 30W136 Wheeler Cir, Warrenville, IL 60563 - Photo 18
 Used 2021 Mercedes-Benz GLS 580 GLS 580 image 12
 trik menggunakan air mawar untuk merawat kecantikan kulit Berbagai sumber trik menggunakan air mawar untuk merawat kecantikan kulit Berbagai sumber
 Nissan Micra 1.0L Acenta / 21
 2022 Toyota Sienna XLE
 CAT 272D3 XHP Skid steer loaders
_____
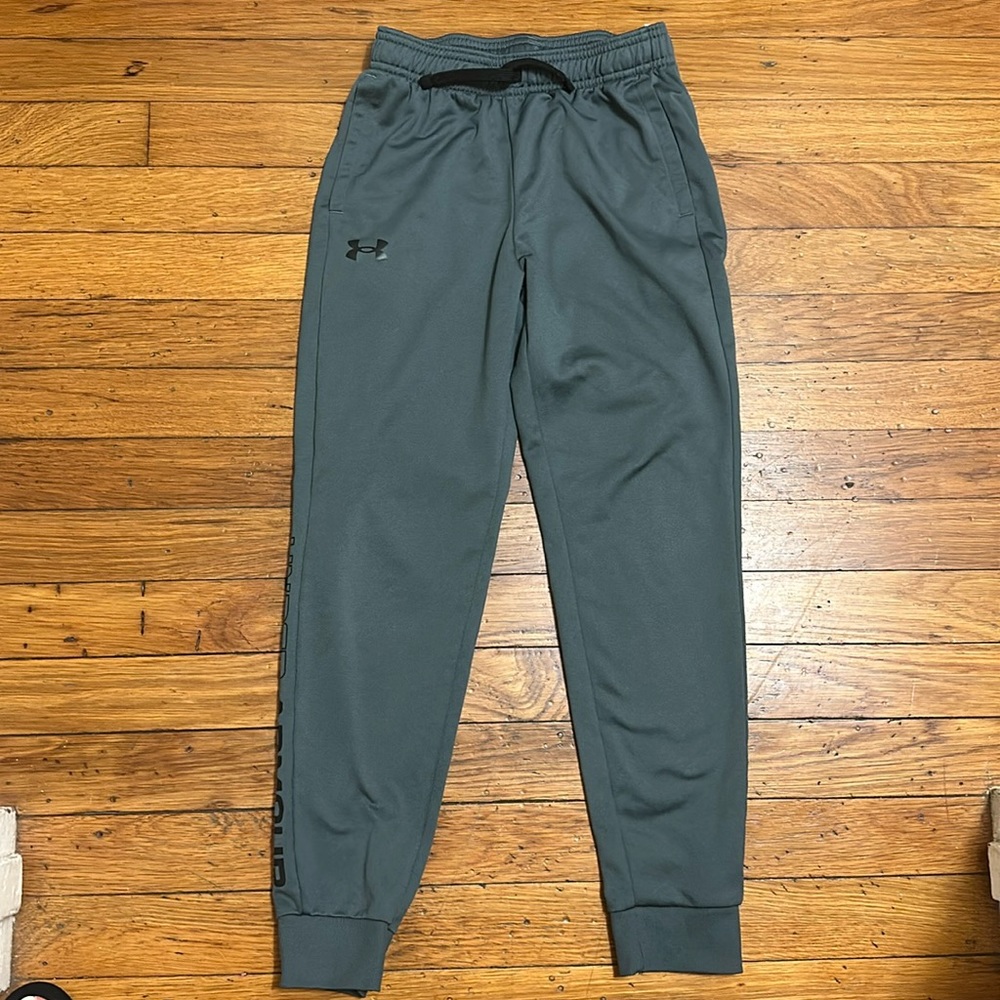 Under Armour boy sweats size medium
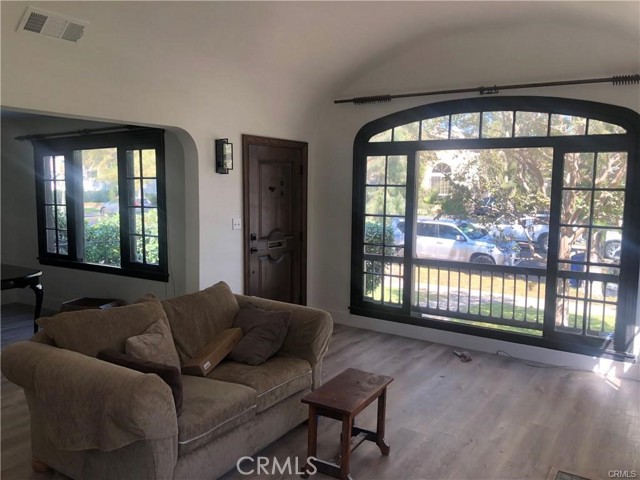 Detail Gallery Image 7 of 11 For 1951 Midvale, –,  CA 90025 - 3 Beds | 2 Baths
_____
* [WORK REQUIRED]
Taking the listing above as the source, transcribe only the lines starting at the line with "2022 Toyota Sienna XLE" and going through the line with "CAT 272D3 XHP Skid steer loaders", unaltered and with both ends included.

* [ANSWER TO THE EXERCISE]
 2022 Toyota Sienna XLE
 CAT 272D3 XHP Skid steer loaders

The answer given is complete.